+++ Source information +++

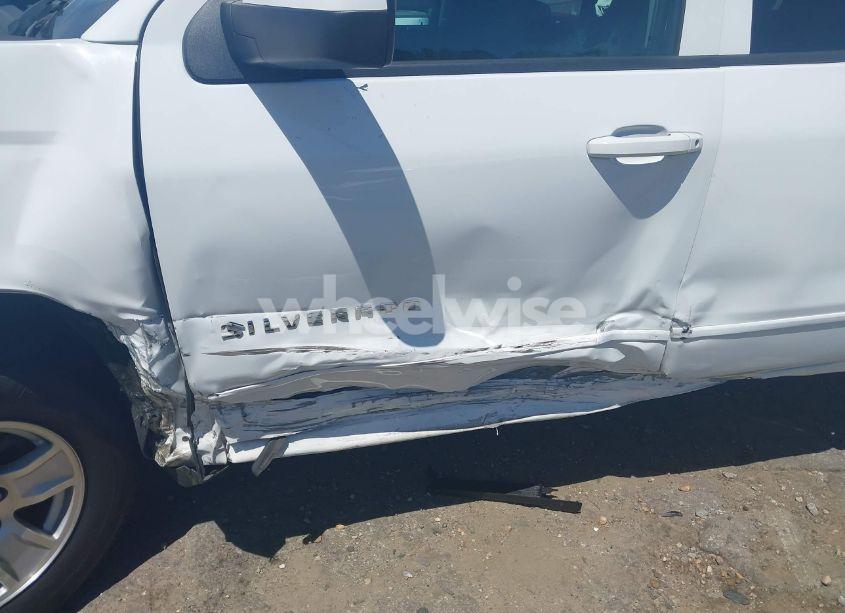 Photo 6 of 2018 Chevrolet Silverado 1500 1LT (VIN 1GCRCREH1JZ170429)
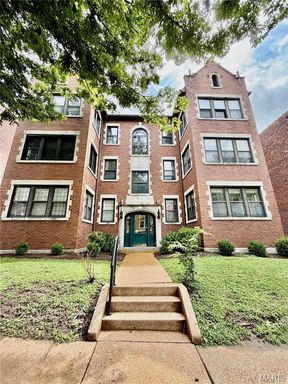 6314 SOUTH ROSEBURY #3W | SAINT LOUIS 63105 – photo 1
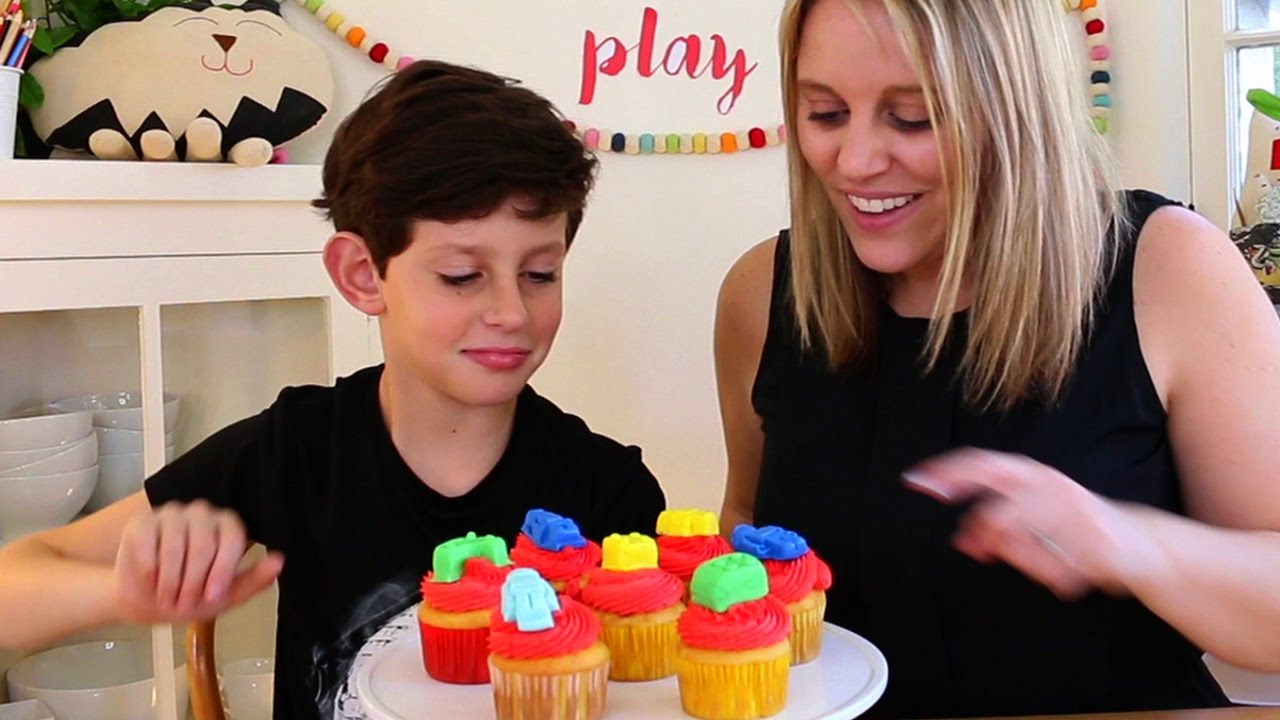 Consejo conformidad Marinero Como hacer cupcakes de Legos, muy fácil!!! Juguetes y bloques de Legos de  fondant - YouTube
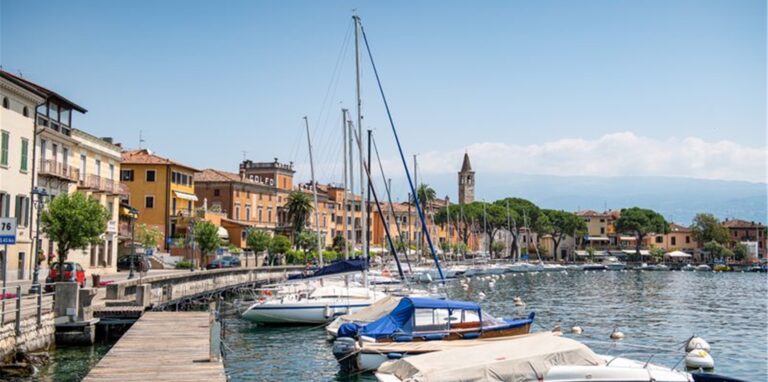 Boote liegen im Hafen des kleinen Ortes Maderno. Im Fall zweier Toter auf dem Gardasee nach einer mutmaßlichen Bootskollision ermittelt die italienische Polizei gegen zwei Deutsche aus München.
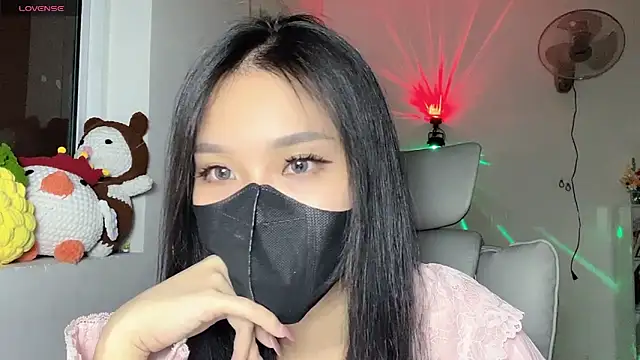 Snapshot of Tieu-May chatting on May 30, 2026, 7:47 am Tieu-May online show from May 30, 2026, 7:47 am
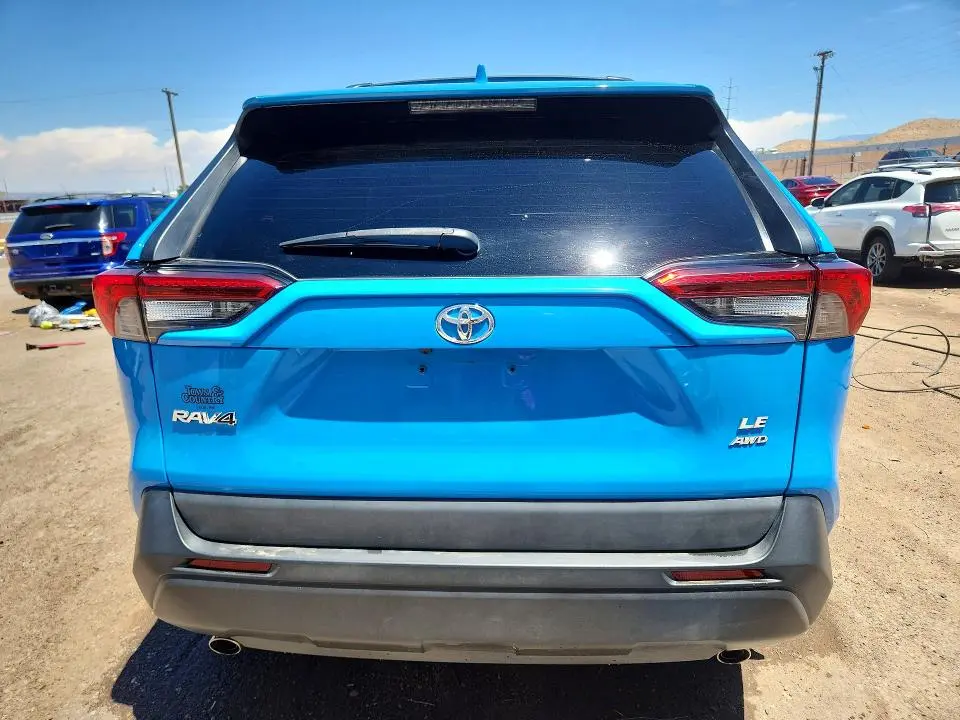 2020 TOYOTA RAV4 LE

+++
+++ Source information +++

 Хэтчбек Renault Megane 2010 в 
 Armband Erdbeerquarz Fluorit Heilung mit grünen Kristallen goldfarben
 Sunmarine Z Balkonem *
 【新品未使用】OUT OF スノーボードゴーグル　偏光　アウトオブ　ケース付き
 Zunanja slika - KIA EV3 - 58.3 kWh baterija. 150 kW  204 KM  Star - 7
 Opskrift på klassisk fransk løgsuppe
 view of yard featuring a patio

+++

**Work required:** Word for word, write out the lines above running from the one with "Photo 6 of 2018" up to and including the one with "2020 TOYOTA RAV4 LE". Drop any picture.

**Exercise solution:**
 Photo 6 of 2018 Chevrolet Silverado 1500 1LT (VIN 1GCRCREH1JZ170429)
 6314 SOUTH ROSEBURY #3W | SAINT LOUIS 63105 – photo 1
 Consejo conformidad Marinero Como hacer cupcakes de Legos, muy fácil!!! Juguetes y bloques de Legos de  fondant - YouTube
 Boote liegen im Hafen des kleinen Ortes Maderno. Im Fall zweier Toter auf dem Gardasee nach einer mutmaßlichen Bootskollision ermittelt die italienische Polizei gegen zwei Deutsche aus München.
 Snapshot of Tieu-May chatting on May 30, 2026, 7:47 am Tieu-May online show from May 30, 2026, 7:47 am
 2020 TOYOTA RAV4 LE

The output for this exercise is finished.